Para falar apenas do (nosso) contexto judaico-cristão, o homem sempre teve um(o) papel dominante na sociedade. No Antigo Testamento, em Génesis, a mulher é um ‘subproduto’ do homem; é feita a partir do corpo masculino. No Novo Testamento, o Apóstolo Paulo ensina, ou melhor, endoutrina: “Mulheres, sujeitem-se cada uma a seu marido …, pois o marido é o cabeça da mulher … [que] estejam em tudo sujeitas a seus maridos” (Efésios 5:22).
Mas as sociedades humanas não são estáticas. Na verdade, são historicamente marcadas pelas mudanças e revoluções sociais. No mundo ocidental, contexto de enormes e profundas transformações – principalmente a partir da década de 1960, quando se intensifica a discussão do género -, o papel do masculino e do feminino na sociedade alterou-se significativamente. No entanto, apesar do enorme avanço da igualdade dos direitos das mulheres, não ocorreu a tão desejada emancipação feminina. Porquê?
Como nos ensina a Sociologia, a religião, desde sempre, tem desempenhado um papel crucial na formação e funcionamento das sociedades e na definição de ideias e comportamentos, coletivos e individuais. Há aqui duas possibilidades: a pertença religiosa deveria funcionar como um processo de libertação do indivíduo; mas, na verdade, tem servido mais como um processo de aprisionamento do indivíduo (e da mulher, em particular) no seu (devido) lugar na sociedade.

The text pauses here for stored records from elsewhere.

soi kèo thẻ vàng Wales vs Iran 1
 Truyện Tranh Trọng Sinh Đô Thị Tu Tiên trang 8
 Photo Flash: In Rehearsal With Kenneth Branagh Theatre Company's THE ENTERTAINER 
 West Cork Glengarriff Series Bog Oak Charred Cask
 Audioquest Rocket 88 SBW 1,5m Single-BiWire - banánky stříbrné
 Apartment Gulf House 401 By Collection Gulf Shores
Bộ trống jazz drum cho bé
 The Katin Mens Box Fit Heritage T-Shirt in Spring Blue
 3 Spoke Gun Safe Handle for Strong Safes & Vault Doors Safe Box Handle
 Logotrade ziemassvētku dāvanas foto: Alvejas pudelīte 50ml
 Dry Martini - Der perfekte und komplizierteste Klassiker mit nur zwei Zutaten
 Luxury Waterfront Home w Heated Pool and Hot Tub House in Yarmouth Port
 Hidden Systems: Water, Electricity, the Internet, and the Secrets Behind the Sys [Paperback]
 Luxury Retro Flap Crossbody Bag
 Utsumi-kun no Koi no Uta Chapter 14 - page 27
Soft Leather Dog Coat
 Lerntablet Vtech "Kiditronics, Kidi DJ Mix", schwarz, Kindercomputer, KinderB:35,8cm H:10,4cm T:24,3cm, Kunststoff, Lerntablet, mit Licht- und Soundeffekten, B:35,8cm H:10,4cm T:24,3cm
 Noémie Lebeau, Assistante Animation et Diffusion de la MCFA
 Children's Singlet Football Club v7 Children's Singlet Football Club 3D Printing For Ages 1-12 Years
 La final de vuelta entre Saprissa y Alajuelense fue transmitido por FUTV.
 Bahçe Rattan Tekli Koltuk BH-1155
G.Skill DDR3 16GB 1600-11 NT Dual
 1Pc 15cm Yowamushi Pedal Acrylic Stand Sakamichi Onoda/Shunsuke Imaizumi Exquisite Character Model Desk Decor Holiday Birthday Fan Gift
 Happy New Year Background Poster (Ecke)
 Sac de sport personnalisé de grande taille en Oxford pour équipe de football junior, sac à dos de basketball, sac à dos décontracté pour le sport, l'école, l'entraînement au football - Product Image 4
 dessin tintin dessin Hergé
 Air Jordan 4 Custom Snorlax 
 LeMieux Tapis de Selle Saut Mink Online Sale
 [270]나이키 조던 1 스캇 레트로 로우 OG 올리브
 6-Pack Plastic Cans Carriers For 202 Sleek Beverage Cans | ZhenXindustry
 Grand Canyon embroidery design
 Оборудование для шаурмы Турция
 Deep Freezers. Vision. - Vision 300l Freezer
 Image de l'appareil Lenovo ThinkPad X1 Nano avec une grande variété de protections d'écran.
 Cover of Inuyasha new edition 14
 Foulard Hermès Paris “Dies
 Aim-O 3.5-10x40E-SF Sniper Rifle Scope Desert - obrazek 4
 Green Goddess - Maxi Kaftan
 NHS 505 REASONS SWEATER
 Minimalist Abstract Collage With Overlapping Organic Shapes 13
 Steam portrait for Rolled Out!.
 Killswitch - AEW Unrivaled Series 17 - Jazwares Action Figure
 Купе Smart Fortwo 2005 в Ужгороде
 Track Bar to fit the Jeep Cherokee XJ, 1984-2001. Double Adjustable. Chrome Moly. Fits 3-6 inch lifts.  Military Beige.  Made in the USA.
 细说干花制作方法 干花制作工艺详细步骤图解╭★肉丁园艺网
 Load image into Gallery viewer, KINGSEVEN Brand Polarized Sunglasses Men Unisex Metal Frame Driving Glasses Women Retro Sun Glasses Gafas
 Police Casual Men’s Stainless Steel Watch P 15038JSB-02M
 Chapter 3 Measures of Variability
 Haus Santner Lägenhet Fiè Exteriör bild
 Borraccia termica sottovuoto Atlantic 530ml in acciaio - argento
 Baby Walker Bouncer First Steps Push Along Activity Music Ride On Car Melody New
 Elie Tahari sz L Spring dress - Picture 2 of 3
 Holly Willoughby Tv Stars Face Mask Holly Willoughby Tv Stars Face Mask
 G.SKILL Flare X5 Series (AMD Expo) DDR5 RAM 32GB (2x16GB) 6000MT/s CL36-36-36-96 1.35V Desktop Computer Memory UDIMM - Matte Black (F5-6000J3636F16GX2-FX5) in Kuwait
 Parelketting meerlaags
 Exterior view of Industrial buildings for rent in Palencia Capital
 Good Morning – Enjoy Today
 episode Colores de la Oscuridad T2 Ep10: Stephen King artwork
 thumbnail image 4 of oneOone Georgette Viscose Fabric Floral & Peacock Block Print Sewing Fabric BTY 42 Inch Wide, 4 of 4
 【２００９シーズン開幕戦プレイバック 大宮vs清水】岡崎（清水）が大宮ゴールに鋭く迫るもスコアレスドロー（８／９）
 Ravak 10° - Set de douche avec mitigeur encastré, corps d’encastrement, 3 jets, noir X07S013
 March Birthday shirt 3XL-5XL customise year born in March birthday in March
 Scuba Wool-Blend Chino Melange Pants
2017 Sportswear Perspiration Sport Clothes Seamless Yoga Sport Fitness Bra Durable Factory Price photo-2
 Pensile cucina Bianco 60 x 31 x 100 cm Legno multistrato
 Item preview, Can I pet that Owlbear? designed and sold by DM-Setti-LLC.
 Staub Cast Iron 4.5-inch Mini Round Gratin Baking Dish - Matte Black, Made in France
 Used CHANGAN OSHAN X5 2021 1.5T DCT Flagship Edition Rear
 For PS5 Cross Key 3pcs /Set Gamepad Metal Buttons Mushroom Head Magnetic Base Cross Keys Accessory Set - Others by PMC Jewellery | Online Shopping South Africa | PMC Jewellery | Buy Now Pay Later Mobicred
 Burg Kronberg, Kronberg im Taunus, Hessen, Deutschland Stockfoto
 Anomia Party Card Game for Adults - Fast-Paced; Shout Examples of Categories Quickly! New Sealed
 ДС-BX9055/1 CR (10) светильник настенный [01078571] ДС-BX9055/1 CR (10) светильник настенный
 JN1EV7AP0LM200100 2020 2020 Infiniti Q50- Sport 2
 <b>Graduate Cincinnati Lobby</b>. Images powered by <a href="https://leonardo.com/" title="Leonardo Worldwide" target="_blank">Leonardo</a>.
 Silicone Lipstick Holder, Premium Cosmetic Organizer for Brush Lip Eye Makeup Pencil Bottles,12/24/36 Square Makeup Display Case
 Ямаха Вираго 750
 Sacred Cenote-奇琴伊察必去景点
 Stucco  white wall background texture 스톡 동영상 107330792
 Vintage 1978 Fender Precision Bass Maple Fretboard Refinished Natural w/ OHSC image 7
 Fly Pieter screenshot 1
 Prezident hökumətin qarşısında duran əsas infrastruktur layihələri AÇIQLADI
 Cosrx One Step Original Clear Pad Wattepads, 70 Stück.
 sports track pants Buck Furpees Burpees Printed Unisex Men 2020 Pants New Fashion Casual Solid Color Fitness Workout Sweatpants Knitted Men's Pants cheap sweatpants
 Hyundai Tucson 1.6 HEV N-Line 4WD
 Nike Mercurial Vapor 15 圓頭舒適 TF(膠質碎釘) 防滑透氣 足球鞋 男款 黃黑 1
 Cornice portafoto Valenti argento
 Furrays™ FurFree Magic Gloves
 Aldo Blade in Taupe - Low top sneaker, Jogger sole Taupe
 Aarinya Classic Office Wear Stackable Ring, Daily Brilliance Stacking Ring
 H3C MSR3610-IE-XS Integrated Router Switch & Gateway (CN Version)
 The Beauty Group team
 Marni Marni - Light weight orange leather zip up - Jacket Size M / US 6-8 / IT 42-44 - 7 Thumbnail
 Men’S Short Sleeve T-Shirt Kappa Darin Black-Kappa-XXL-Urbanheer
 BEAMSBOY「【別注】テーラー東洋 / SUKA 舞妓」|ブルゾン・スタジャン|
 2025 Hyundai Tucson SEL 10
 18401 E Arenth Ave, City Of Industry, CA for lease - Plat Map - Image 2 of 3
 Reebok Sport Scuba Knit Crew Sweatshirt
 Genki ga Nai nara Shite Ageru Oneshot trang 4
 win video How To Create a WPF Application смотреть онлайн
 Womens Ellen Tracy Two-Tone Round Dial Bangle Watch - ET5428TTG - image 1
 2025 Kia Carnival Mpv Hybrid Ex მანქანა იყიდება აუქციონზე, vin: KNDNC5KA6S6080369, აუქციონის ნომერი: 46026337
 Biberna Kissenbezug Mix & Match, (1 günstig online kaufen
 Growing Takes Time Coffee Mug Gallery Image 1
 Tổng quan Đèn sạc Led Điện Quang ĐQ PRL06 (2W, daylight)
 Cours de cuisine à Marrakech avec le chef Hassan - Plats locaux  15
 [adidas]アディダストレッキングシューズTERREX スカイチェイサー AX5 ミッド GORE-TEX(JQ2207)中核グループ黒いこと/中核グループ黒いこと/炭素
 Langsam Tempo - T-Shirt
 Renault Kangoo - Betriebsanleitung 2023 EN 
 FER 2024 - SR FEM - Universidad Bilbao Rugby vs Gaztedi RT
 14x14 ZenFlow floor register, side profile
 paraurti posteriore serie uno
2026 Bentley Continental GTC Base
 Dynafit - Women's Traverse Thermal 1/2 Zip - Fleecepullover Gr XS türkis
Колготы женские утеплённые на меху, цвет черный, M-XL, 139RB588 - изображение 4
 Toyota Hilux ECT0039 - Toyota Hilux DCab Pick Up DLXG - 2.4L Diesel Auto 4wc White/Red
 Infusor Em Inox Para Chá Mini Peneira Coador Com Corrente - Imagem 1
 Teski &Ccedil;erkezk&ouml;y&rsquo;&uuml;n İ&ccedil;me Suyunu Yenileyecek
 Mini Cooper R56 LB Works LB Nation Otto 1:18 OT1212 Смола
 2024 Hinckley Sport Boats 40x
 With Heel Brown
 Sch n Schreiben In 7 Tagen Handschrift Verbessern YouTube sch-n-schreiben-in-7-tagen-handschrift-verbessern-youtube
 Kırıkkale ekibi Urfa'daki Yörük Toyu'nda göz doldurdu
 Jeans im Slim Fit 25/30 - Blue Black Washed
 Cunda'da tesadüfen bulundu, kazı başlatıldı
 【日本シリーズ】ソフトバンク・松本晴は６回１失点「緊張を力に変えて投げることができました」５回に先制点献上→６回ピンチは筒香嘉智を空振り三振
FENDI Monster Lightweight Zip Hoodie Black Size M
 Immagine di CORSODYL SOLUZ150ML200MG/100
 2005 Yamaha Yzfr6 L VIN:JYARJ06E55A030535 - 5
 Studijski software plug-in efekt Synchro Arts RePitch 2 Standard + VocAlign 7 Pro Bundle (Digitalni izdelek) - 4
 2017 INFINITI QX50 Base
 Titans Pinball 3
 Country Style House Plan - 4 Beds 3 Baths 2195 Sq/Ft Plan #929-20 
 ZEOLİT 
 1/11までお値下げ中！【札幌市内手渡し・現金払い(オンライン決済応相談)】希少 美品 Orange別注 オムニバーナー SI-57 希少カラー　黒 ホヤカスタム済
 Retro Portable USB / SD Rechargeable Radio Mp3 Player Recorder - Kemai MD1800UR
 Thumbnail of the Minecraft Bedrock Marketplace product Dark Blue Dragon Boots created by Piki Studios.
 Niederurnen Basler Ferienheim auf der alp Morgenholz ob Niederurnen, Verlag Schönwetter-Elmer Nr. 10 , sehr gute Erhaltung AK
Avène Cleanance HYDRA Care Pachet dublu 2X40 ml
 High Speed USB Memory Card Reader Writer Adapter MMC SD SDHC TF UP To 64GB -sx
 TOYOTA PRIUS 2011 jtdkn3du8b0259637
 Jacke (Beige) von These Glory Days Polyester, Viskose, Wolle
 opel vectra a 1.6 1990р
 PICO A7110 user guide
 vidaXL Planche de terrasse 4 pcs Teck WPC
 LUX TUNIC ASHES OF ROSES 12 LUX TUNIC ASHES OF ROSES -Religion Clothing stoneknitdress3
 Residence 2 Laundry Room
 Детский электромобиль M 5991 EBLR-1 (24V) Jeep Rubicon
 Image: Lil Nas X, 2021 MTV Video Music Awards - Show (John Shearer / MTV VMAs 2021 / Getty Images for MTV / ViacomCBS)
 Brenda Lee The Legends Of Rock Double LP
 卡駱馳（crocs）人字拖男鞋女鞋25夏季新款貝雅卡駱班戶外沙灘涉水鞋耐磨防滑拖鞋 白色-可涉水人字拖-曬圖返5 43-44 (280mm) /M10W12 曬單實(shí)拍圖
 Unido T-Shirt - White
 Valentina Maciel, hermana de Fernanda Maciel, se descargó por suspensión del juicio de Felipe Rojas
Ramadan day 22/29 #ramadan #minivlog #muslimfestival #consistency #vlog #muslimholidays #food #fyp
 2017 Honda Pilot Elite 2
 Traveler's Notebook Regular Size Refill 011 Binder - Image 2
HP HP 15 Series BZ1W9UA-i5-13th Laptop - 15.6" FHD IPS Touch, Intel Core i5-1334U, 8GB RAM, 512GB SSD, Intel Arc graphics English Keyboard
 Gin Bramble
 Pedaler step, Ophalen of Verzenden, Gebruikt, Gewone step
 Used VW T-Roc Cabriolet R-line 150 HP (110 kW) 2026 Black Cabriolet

No mundo islâmico, o de vertente fundamentalista, a situação é dramática para a mulher. Mas será uma exceção? No catolicismo, apesar da enorme importância teológica da figura de Maria (veja o caso de Fátima) e do trabalho e das meritórias ações das mulheres dentro da Igreja Católica – existe até mesmo uma teologia feminista -, esta instituição, totalmente dominada por homens, nega-lhes o poder.
Vejamos dois casos atuais e paradigmáticos da relação entre mulheres, religião e alto poder, nos Estados Unidos e Brasil, dois países com ethos nacional supostamente fundado no liberalismo, individualismo, liberdade e igualdade entre os géneros.
1. Amy Barrett: está ligada ao movimento religioso ultraconservador ‘People of Praise’, que defende a total submissão da mulher ao homem, enfatizando que o lugar da mulher é cuidar do lar, do marido e dos filhos – “é importante que nós mulheres verbalizemos o nosso compromisso com a submissão aos homens”. Este grupo religioso promove os papéis tradicionais dos homens como decisores e das mulheres como donas de casa, mesmo que tenham ambições profissionais, como é o caso de Barrett. Indicada por Trump e aprovada esta semana pelo Senado para a Suprema Corte dos Estados Unidos, esta (fervorosa católica-carismática) juíza já admitiu, publicamente, que as suas decisões são proferidas como mulher temente a Deus e aos homens (neste caso, ao marido e ao Presidente Trump).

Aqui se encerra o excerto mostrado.